After the recent Gate App update, a critical issue surfaced: image uploads in status posts no longer work. Even images that were previously posted successfully now fail, and sending images returns an “image sending failed” error. Interestingly, images still work normally in community sections, which strongly indicates this is a functional bug within specific features—not a device or network problem.
This issue has lasted for several days. A support ticket was submitted with the expectation that the updated system would improve efficiency. Instead, responses have been limited to generic follow-ups, without a clear solution or timeline. When problems persist without progress, user trust naturally begins to weaken.

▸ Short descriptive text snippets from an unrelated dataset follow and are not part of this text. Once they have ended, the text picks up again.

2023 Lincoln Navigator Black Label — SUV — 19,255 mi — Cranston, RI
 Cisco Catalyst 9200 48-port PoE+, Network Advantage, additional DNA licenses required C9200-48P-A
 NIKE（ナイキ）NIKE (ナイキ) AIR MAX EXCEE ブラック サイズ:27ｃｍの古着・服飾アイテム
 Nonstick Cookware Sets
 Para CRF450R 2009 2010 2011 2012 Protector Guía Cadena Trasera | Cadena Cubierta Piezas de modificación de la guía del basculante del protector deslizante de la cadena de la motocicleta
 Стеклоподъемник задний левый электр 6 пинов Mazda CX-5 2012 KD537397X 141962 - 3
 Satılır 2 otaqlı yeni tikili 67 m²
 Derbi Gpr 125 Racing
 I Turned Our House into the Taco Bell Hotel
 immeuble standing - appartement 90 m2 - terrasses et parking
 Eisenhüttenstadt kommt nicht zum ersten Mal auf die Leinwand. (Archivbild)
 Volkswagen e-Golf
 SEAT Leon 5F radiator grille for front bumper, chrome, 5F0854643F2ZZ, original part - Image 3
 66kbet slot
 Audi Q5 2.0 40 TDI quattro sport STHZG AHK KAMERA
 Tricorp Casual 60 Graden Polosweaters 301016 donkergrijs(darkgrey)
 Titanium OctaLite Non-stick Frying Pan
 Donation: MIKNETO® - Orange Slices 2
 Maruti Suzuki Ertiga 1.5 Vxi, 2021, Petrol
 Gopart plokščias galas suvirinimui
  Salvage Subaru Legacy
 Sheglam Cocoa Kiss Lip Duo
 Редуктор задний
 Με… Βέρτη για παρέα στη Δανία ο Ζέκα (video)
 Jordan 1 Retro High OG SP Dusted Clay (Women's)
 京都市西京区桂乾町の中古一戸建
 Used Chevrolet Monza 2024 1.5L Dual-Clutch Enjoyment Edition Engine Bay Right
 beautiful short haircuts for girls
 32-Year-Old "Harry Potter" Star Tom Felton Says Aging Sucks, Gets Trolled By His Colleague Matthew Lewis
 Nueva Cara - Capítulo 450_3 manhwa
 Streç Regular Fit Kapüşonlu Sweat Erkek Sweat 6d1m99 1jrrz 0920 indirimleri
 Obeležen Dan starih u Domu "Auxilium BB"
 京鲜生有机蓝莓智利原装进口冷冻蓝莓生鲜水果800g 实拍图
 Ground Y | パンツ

The updated ticket system itself also adds friction. What was once a direct conversation within a single ticket now requires navigating to a separate communication record just to continue the discussion. This extra step feels unnecessary and counterproductive—especially when users are already facing unresolved technical issues.
Adding to the frustration is the 24-hour waiting rule before users can urge a response. When a core feature like image uploading is broken, delays like this feel misaligned with real user needs. An upgrade should streamline support, not slow it down.
This raises an important question: what defines a successful update? If new systems introduce basic functionality issues, longer response times, and more complicated workflows, then the overall user experience is moving backward.
Users don’t just want refreshed interfaces or new structures. What we truly value is stability, efficiency, and accountability. Fixing core bugs, restoring image functionality, and simplifying support communication would do far more to improve the Gate App experience than surface-level changes.
An update should mean progress—not compromise.